My department - and I am the ringleader on this particular item - is in the midst of changing our processes for software development. It was fairly informal, since our customers were internal. Ask them what they want, build it, give it to them. If there was any documentation, it served the developers more than the customers, perhaps explaining a particularly difficult piece of code.
The department was getting beat up right and left - and why? A few reasons. One, we were always late with our estimates. The "estimates" were usually really loose ideas given by managers before requirements were analyzed (which of course, they never were analyzed, not formally). And an additional reason why we weren't making our dates? Our customers would bring us new requirements, or complete changes in direction, at various points of the project - causing projects to extend and extend.
There are a lot of pain points here, especially for me, taking over from a guy who wrote applications for ten years and didn't really need to document them - after all, he was always going to be here to support them, right? And now that we're offshoring some of the development, I need a better way to communicate our requirements.
I'm proposing requirements elicitation and analysis, project vision/scope statements, use cases where applicable, a change management process by which we do not increase the scope without analyzing the cost and risks, and more. I've been doing a whole lot of reading in a variety of places [Books 24 is a great subscription to have ], getting a broad idea of industry best practices and combining it with what I learned in Software Engineering school and what I've done as a consultant. None of these ideas are new, but for some reason, they had never taken root here.
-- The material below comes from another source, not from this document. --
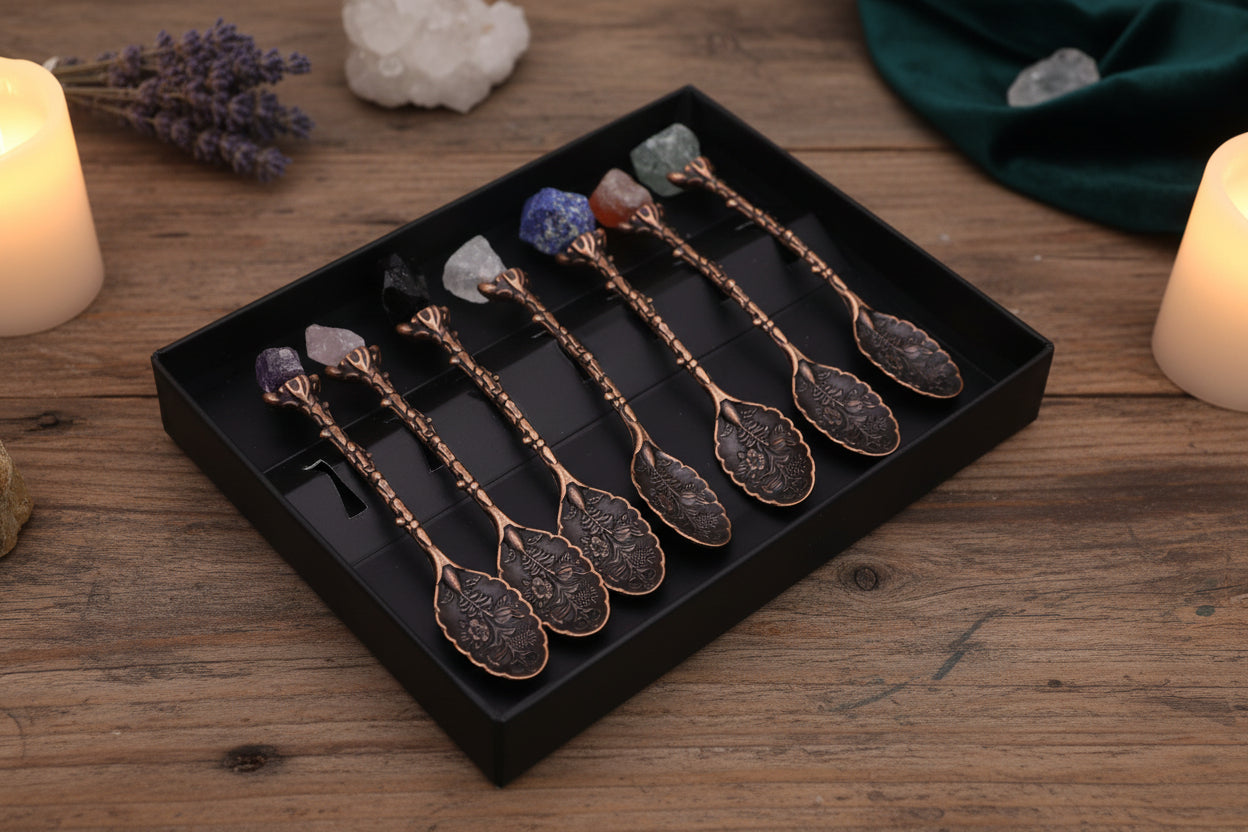 Set de 7 Cucharas de Bruja de Cristal con Piedra Preciosa de Bronce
I'm really happy about the changes we're going to make. Already, use cases have come in handy. When I presented a set of use cases to the stakeholders and SMEs, they immediately understood what I was trying to capture, and I was able to get much better feedback from them. It worked like a dream, just like the books said it would! And the vision document - after reading what they came up with for a vision set into a simple paragraph, they realized that they had left something out of the scope - and we were able to fix that in the early stages. Without the vision document, I'm quite sure we would have proceeded to the end before discovering the missing requirement.